Top of TASK DATA

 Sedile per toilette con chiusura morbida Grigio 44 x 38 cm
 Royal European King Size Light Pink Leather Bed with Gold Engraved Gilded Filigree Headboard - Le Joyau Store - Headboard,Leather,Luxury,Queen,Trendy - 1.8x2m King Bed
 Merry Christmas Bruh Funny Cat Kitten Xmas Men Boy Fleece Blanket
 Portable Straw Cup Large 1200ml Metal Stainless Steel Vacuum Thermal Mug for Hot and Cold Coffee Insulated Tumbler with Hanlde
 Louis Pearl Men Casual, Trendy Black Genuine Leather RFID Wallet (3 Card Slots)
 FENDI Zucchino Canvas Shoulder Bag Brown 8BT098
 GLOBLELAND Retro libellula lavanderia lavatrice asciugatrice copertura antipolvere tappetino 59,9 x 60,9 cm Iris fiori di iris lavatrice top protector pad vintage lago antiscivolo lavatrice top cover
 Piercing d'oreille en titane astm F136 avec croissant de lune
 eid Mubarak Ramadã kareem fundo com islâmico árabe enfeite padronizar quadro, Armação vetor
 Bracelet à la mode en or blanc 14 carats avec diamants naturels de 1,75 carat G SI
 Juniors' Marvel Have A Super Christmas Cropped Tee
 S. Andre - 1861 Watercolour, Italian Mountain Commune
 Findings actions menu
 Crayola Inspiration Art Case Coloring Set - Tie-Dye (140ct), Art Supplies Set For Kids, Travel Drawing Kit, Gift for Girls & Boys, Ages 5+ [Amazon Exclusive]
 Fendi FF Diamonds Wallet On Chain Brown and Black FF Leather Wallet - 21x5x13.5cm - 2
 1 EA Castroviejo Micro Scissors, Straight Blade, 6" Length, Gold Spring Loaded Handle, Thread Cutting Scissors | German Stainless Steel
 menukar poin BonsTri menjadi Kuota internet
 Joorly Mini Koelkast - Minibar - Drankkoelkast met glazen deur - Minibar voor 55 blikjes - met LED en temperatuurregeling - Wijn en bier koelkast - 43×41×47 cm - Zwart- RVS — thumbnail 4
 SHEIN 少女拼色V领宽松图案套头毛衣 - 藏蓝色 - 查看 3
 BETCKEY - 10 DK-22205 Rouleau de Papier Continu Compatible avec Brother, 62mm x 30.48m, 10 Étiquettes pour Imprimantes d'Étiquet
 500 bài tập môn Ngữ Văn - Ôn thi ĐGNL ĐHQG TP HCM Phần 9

Bottom of TASK DATA

WHAT THE EXERCISE ASKS:
Copy down the material exactly as written.

ANSWER AREA:
 Sedile per toilette con chiusura morbida Grigio 44 x 38 cm
 Royal European King Size Light Pink Leather Bed with Gold Engraved Gilded Filigree Headboard - Le Joyau Store - Headboard,Leather,Luxury,Queen,Trendy - 1.8x2m King Bed
 Merry Christmas Bruh Funny Cat Kitten Xmas Men Boy Fleece Blanket
 Portable Straw Cup Large 1200ml Metal Stainless Steel Vacuum Thermal Mug for Hot and Cold Coffee Insulated Tumbler with Hanlde
 Louis Pearl Men Casual, Trendy Black Genuine Leather RFID Wallet (3 Card Slots)
 FENDI Zucchino Canvas Shoulder Bag Brown 8BT098
 GLOBLELAND Retro libellula lavanderia lavatrice asciugatrice copertura antipolvere tappetino 59,9 x 60,9 cm Iris fiori di iris lavatrice top protector pad vintage lago antiscivolo lavatrice top cover
 Piercing d'oreille en titane astm F136 avec croissant de lune
 eid Mubarak Ramadã kareem fundo com islâmico árabe enfeite padronizar quadro, Armação vetor
 Bracelet à la mode en or blanc 14 carats avec diamants naturels de 1,75 carat G SI
 Juniors' Marvel Have A Super Christmas Cropped Tee
 S. Andre - 1861 Watercolour, Italian Mountain Commune
 Findings actions menu
 Crayola Inspiration Art Case Coloring Set - Tie-Dye (140ct), Art Supplies Set For Kids, Travel Drawing Kit, Gift for Girls & Boys, Ages 5+ [Amazon Exclusive]
 Fendi FF Diamonds Wallet On Chain Brown and Black FF Leather Wallet - 21x5x13.5cm - 2
 1 EA Castroviejo Micro Scissors, Straight Blade, 6" Length, Gold Spring Loaded Handle, Thread Cutting Scissors | German Stainless Steel
 menukar poin BonsTri menjadi Kuota internet
 Joorly Mini Koelkast - Minibar - Drankkoelkast met glazen deur - Minibar voor 55 blikjes - met LED en temperatuurregeling - Wijn en bier koelkast - 43×41×47 cm - Zwart- RVS — thumbnail 4
 SHEIN 少女拼色V领宽松图案套头毛衣 - 藏蓝色 - 查看 3
 BETCKEY - 10 DK-22205 Rouleau de Papier Continu Compatible avec Brother, 62mm x 30.48m, 10 Étiquettes pour Imprimantes d'Étiquet
 500 bài tập môn Ngữ Văn - Ôn thi ĐGNL ĐHQG TP HCM Phần 9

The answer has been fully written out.